• **Work to be completed**: Go through the data and copy each line that holds "Knitted".

*** Block opens ***

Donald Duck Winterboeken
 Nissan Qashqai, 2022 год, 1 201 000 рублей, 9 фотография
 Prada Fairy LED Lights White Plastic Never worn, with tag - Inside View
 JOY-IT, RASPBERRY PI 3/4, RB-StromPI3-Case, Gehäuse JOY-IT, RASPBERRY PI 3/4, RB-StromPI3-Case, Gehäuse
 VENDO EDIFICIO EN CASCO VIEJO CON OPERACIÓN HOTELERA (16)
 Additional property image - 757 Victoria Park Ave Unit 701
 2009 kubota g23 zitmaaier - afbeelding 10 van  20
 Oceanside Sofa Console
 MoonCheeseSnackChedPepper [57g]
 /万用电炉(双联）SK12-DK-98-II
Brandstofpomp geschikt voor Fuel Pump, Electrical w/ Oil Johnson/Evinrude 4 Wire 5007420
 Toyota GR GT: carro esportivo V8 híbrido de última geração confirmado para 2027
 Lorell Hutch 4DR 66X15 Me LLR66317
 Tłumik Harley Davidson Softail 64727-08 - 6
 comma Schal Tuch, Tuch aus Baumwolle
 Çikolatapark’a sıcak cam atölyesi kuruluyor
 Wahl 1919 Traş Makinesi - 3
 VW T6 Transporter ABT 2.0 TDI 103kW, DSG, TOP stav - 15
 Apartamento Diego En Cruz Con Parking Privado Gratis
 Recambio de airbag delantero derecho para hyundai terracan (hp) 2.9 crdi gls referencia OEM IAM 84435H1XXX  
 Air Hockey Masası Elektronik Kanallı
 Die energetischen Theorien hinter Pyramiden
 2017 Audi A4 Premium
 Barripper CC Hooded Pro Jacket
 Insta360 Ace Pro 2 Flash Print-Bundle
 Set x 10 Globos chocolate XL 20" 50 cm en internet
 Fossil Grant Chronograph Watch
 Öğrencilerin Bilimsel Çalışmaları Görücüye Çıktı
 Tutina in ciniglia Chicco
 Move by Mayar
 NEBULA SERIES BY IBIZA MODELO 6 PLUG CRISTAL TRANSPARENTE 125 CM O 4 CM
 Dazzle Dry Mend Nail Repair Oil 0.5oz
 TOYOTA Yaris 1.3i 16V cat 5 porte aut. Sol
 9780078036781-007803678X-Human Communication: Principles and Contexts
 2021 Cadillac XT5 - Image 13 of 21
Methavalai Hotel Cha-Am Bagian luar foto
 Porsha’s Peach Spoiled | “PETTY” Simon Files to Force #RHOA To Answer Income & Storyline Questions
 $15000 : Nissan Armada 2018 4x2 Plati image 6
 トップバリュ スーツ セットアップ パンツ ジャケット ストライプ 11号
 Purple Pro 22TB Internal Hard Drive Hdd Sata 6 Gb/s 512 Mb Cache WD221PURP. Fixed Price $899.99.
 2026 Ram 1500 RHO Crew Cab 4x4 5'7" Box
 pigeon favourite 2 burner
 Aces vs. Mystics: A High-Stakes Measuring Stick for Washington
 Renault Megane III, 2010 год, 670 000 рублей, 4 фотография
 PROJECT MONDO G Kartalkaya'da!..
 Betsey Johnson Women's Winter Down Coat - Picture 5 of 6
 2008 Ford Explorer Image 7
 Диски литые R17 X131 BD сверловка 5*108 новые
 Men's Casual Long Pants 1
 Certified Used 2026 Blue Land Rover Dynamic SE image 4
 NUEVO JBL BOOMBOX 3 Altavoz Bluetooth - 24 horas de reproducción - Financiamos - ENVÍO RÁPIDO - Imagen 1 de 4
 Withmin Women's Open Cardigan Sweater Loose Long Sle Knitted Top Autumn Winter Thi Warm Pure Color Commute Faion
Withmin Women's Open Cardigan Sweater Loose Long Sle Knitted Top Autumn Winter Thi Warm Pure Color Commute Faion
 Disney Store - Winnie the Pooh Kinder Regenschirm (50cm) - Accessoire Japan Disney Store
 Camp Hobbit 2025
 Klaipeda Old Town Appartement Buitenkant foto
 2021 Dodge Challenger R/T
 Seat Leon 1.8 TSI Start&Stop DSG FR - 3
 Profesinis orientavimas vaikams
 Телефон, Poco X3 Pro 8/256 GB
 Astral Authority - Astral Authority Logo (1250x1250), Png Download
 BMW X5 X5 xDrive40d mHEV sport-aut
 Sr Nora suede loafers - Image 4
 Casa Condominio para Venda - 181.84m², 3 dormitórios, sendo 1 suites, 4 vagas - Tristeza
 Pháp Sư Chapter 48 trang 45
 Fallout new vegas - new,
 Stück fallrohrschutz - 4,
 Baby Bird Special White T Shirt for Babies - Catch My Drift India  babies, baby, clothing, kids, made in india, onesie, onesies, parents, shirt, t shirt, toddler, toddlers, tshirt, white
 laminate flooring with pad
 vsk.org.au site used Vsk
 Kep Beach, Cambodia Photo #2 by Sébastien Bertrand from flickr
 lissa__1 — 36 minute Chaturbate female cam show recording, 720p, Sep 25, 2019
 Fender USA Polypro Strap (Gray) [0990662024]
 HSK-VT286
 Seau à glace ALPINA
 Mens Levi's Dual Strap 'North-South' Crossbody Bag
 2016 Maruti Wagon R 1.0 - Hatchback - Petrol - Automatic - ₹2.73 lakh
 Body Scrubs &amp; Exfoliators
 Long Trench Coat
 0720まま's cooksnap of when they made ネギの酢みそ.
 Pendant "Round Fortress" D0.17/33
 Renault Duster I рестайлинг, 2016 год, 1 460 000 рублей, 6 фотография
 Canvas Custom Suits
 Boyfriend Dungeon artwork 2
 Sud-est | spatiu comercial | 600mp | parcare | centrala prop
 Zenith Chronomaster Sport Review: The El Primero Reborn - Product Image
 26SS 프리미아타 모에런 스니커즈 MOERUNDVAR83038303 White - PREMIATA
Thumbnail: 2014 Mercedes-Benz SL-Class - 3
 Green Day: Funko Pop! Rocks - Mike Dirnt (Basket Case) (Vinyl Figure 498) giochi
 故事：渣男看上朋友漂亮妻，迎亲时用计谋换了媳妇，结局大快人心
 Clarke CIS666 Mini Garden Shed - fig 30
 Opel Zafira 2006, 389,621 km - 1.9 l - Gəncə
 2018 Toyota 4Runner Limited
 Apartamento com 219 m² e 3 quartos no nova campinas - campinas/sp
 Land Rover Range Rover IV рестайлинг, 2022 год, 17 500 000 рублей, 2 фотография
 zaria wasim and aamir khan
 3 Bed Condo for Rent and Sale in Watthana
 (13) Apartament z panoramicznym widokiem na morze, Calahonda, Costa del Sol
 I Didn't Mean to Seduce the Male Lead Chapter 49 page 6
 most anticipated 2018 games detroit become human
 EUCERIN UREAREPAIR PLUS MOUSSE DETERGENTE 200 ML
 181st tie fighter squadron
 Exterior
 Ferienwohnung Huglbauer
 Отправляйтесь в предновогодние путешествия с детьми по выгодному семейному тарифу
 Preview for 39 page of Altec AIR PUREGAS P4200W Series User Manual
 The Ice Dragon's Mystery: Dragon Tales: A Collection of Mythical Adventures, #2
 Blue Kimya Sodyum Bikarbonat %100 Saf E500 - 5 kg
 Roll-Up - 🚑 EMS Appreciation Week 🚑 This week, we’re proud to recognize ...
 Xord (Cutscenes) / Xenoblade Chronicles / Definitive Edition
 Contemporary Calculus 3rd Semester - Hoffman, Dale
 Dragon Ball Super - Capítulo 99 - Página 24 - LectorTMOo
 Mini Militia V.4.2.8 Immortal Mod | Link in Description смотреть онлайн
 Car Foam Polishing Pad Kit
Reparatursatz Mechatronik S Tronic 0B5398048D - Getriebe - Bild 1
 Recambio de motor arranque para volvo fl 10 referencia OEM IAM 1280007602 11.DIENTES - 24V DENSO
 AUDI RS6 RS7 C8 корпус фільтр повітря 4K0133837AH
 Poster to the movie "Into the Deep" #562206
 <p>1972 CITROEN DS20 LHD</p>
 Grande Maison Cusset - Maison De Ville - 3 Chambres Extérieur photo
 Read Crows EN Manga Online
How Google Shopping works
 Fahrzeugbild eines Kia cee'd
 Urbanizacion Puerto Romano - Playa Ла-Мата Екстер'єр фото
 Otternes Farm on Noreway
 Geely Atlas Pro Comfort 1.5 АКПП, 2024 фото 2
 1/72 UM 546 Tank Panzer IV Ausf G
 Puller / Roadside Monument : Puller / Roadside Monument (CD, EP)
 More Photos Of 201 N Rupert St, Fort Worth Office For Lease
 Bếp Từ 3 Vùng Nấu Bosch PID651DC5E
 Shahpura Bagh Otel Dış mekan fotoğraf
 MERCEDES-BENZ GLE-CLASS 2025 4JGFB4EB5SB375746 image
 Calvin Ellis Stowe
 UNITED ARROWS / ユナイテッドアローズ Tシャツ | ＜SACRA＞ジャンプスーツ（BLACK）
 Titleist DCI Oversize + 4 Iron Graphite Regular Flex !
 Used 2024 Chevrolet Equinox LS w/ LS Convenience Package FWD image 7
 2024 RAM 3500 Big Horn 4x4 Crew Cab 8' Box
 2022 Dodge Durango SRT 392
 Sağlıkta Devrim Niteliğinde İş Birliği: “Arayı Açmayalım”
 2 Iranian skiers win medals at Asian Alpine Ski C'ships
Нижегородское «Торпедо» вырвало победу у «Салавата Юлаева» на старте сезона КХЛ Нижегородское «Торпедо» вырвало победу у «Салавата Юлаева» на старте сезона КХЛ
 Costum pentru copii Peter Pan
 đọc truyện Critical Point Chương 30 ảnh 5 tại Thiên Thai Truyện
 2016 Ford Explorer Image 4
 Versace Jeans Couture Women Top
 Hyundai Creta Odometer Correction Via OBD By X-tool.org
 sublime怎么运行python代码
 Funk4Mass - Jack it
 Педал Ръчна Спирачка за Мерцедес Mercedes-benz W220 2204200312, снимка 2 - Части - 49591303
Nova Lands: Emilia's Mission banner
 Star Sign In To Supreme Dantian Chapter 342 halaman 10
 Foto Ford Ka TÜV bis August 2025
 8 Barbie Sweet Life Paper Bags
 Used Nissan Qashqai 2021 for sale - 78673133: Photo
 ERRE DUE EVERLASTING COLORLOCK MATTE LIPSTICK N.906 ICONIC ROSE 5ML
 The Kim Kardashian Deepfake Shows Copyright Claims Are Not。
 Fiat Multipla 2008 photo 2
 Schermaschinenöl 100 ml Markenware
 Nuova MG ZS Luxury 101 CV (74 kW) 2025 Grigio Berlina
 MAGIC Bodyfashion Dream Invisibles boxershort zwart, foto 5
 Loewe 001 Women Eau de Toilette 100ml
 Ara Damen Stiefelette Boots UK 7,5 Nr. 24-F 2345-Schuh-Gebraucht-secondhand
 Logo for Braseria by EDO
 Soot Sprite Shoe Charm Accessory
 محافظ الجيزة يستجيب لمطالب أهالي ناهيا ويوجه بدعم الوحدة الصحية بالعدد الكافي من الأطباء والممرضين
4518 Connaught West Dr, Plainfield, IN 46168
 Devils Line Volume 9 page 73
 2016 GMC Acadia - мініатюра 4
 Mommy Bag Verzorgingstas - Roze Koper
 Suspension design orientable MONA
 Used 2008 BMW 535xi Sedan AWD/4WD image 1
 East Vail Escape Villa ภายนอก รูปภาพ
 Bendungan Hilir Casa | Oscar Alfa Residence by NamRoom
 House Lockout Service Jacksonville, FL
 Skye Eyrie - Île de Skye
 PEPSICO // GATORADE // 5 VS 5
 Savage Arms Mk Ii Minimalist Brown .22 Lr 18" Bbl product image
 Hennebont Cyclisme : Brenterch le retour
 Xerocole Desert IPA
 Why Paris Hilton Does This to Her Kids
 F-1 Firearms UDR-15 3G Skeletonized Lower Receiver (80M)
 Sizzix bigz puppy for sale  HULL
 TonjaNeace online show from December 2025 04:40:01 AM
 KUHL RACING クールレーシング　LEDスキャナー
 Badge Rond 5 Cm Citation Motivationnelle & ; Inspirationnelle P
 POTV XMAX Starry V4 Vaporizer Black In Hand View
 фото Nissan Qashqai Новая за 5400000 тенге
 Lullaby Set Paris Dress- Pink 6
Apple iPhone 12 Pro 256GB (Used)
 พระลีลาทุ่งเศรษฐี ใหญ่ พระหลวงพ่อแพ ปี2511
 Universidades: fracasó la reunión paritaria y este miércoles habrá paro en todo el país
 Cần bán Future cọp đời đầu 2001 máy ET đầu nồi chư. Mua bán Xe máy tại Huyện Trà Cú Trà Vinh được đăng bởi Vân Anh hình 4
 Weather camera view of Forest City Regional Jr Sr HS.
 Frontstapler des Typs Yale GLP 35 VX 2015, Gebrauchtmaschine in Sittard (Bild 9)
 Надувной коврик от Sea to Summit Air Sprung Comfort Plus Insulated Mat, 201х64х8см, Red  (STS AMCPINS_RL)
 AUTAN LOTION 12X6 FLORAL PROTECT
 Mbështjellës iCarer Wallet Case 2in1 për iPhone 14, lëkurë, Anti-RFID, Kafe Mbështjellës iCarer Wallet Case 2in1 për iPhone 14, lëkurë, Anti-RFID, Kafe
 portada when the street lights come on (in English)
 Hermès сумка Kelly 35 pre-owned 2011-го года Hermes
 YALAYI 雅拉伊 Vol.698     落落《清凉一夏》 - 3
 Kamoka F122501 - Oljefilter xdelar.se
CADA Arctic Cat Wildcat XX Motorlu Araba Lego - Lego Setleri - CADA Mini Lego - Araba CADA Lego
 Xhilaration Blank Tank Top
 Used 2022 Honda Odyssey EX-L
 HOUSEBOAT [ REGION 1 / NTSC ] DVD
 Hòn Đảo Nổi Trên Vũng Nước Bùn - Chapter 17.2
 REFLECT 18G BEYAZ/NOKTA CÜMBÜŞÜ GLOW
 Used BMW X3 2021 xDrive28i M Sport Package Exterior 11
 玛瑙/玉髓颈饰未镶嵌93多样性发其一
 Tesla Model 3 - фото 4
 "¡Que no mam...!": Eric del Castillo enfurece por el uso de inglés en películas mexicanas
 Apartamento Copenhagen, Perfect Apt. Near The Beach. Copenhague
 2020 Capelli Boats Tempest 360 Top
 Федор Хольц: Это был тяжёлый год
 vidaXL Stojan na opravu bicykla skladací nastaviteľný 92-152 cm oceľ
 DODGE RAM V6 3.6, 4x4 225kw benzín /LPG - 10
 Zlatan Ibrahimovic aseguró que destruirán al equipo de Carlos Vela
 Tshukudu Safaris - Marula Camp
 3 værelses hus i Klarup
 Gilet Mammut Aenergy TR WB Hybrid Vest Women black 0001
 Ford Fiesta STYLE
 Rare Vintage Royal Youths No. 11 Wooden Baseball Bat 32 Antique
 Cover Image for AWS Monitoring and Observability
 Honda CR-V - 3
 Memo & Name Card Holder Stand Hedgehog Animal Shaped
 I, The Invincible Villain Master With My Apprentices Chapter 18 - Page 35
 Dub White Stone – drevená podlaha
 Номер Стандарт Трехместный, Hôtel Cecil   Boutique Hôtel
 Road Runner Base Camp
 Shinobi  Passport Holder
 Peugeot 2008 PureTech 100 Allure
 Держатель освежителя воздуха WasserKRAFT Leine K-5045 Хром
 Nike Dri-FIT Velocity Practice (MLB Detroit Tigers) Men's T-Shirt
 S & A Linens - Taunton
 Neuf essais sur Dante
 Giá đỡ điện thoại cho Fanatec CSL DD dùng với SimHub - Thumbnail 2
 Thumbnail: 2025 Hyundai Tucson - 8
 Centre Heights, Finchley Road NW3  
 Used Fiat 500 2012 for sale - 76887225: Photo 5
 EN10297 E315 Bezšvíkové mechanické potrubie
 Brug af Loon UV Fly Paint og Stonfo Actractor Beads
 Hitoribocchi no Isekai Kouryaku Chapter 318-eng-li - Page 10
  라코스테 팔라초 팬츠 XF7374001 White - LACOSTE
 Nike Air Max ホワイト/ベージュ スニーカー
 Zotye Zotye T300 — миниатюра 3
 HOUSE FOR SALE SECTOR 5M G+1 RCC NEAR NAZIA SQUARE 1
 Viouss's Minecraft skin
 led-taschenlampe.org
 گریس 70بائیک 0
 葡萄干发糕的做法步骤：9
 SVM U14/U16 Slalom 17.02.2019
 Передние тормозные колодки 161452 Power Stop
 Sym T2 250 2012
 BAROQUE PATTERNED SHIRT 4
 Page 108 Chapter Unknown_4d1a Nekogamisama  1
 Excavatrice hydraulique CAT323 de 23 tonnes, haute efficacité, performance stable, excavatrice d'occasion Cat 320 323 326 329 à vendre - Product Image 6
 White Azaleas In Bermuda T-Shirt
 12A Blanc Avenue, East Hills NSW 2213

*** Block closes ***

• **Exercise result**:
 Withmin Women's Open Cardigan Sweater Loose Long Sle Knitted Top Autumn Winter Thi Warm Pure Color Commute Faion
Withmin Women's Open Cardigan Sweater Loose Long Sle Knitted Top Autumn Winter Thi Warm Pure Color Commute Faion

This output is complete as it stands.